- _Material to process_
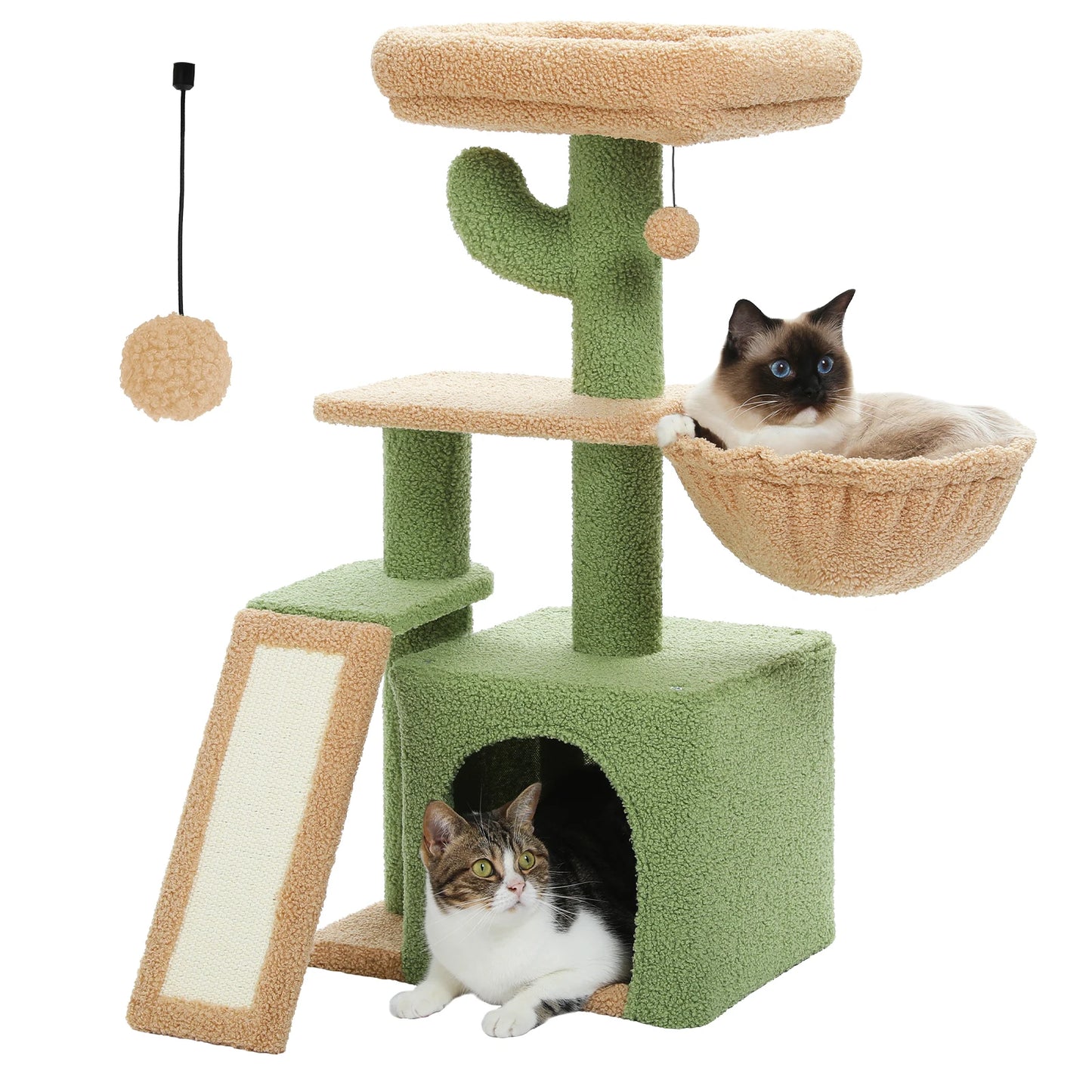 PEQULTICN Cat Tree Tower With Natural Sisal Scratching Post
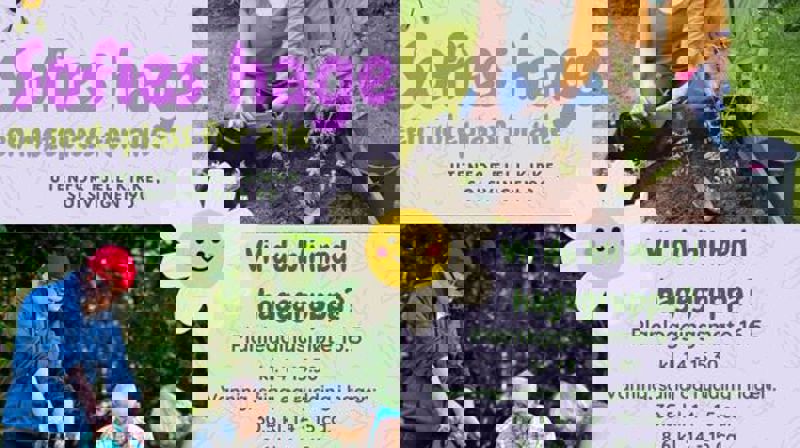 Planleggingsmøte i Sofies hage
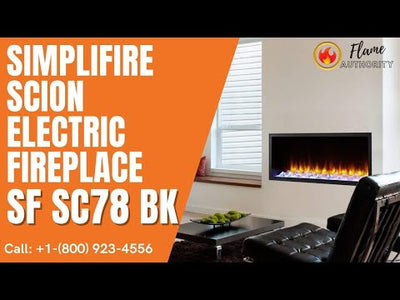 SimpliFire Scion 78" Electric Fireplace SF-SC78-BK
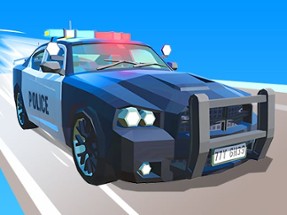 Police Car Line Driving Image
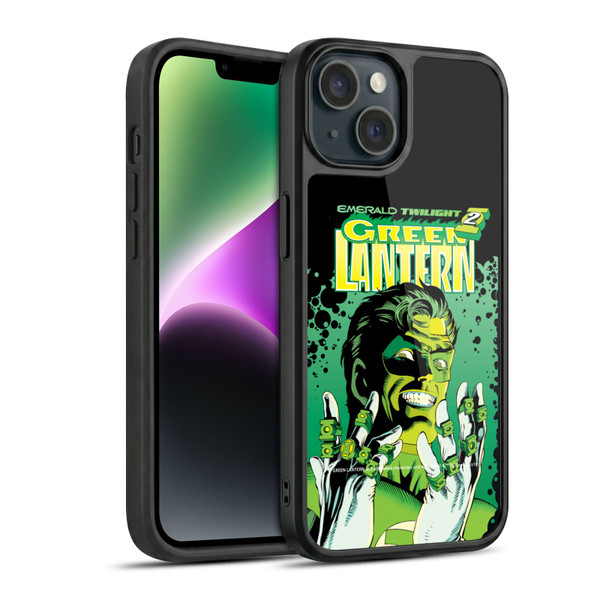 Green Lantern DC Comics Comic Book Covers Emerald Twilight Gel Armour Case For Apple iPhone 14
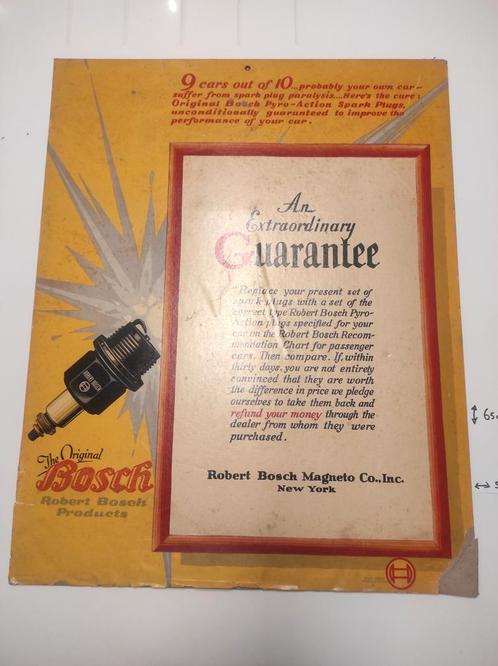 Bosch spark plug sign - 1928 USA, Verzamelen, Merken en Reclamevoorwerpen, Gebruikt, Reclamebord, Ophalen of Verzenden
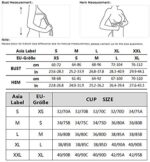 Vertvie Womens Strech Ohne Buegel Push up Yoga Sports BH Bra Top Set Fuer Fitnesstraining Polsterung 3er Pack – Bild 7
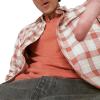 Lucky Brand Mens Venice Burnout Stripe Long Sleeve Notch Neck TeeVenice Burnout Stripe Long Sleeve Notch Neck Tee(Potters Clay)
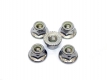 Hex Flange Nuts M5 stainless A2 safety catch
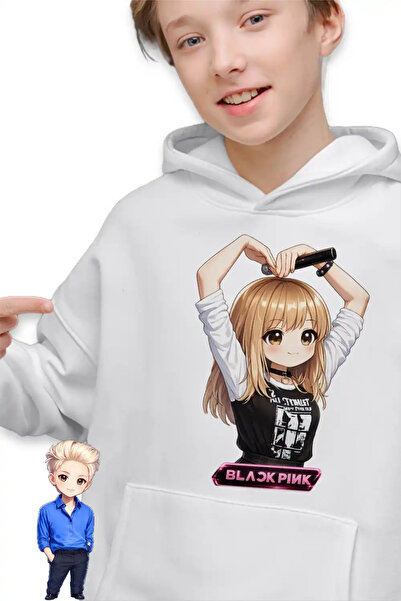 OEM Hanorac Copii Baieti BlackPink Lisa Heart Love Kpop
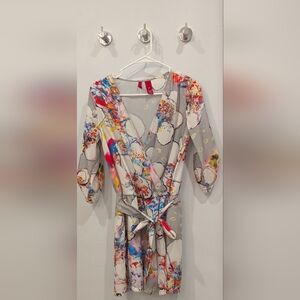 Colorful Floral Romper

- _Work item_
Take the entries shown above and quote them verbatim, passing over the pictures.

- _Output below_
 PEQULTICN Cat Tree Tower With Natural Sisal Scratching Post
 Planleggingsmøte i Sofies hage
 SimpliFire Scion 78" Electric Fireplace SF-SC78-BK
 Police Car Line Driving Image
 Green Lantern DC Comics Comic Book Covers Emerald Twilight Gel Armour Case For Apple iPhone 14
 Bosch spark plug sign - 1928 USA, Verzamelen, Merken en Reclamevoorwerpen, Gebruikt, Reclamebord, Ophalen of Verzenden
 Vertvie Womens Strech Ohne Buegel Push up Yoga Sports BH Bra Top Set Fuer Fitnesstraining Polsterung 3er Pack – Bild 7
 Lucky Brand Mens Venice Burnout Stripe Long Sleeve Notch Neck TeeVenice Burnout Stripe Long Sleeve Notch Neck Tee(Potters Clay)
 Hex Flange Nuts M5 stainless A2 safety catch
 OEM Hanorac Copii Baieti BlackPink Lisa Heart Love Kpop
 Colorful Floral Romper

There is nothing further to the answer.